You can cognitively reject doctrines, but it’s amazing how you can continue for years reacting to the normal imperfections that make up the fabric of Life and of you and of others as if they were sins.

Last night, my daughter and I hung the ornaments on our Christmas tree. Some represent times in North Carolina. Some are from when my latex and I were dating. Rural North Carolina was not a good fit for me. My husband divorced me. A lot of imperfection. But those same ornaments represent a lot of good things, too. And those bittersweet ornaments will proudly be on the tree with the sweet ones, because Life is like the tag on the pocketbook that knows that the imperfections in the leather are natural and in no way should be seen as flaws.

In my opinion, religions have a lot to offer if they aren’t taken literally, and the symbol of God in human form is no exception.

Maybe God is in our trying, not in our trying to not make mistakes.

There is no security. Your security is in not expecting it.

Since an incident in October of 2008, I’ve gone through separation, family therapy, therapy with what became left of the family, pouring my thoughts onto paper, pouring my thoughts into cyberspace, lawyers, divorce, realtors, job interviews, moving companies…

I love where I’ve landed.

The visual of my experience is no longer the streaks from motion. I’ve stopped and things look different now.

I am starting to see through the eyes of a realistic woman. I am not a cynical woman. I am a woman who wanted to see magic and who got hurt by that.

I am a woman who knows that the world is already magical, and that it is best experienced while looking through clear lenses.

Plan B

This evening, my daughter and I went to the store to buy bagels, and she showed me this decorative spatula. I started crying and put it in the cart. I told her I hadn’t been able to post on my blog for almost two months, but that I’d take a picture of this and write. I finally was able to see what’s been happening through the haze.

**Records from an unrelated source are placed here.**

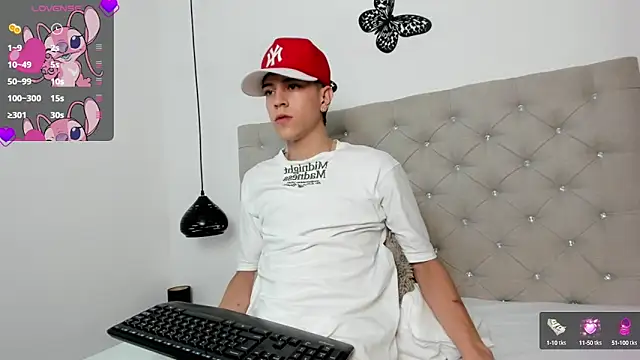 Dei v 48 online show from 03.01.25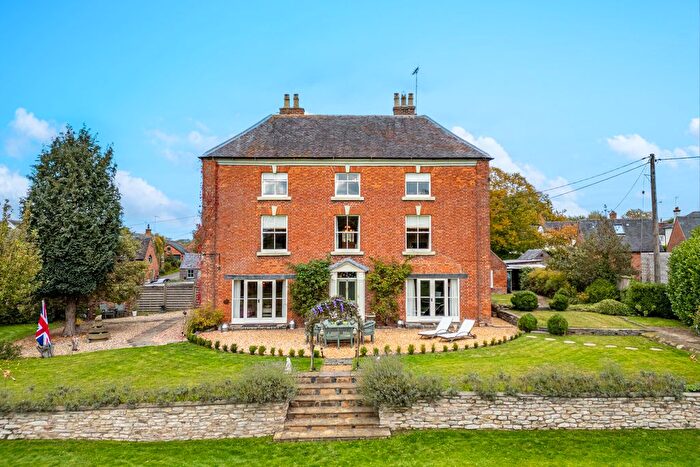 8 Bedroom Detached House For Sale In Aston Market Drayton, Shropshire, TF9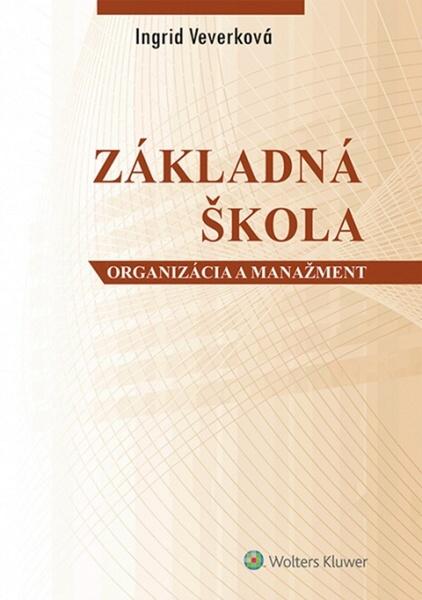 Základná škola - 978-80-8168-101-1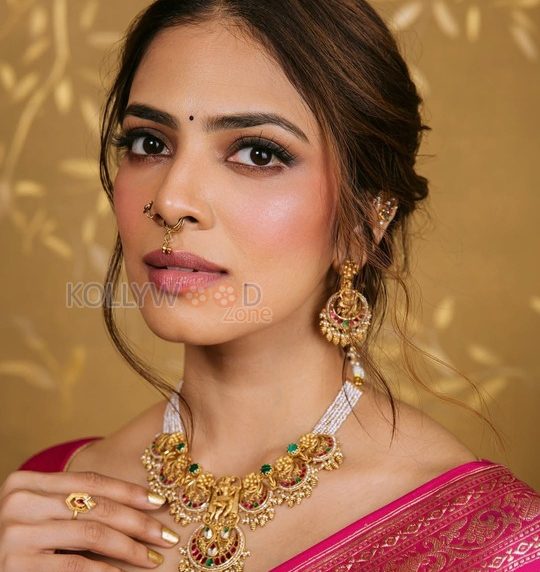Malavika Mohanan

After a stressful clinical, I finished my phlebotomy course. A few days later, I was offered a job (not in phlebotomy—maybe part-time someday?) that is right for me that has good benefits, bought a house with an iffy closing date which I need to move into before the closing on this house. Our family dealt with all the issues of the house I’m living in now (the homeplace owned by us siblings) going on the market and being sold. My new job is interesting but stressful since I don’t know what I’m doing yet. When I look at my finances, I see that things will be very tight, which is wonderful because a few days ago, before I decided to apply for early retirement benefits from my last NC job, they looked impossible. In the middle of all this, I flew out to South Dakota for my brother’s wedding and had a fun weekend.

Plan A was security, security, security. Which I found was a f**king lie.

Plan B is real life. Which I’m finding I’m pretty good at.

The spatula will hang in the entrance of my new home, welcoming all to my “Plan B”. It will have a special, sacred, dedicated place.

Then, as real life gets real, I might find I need to take it down from time to time to help me scrape by.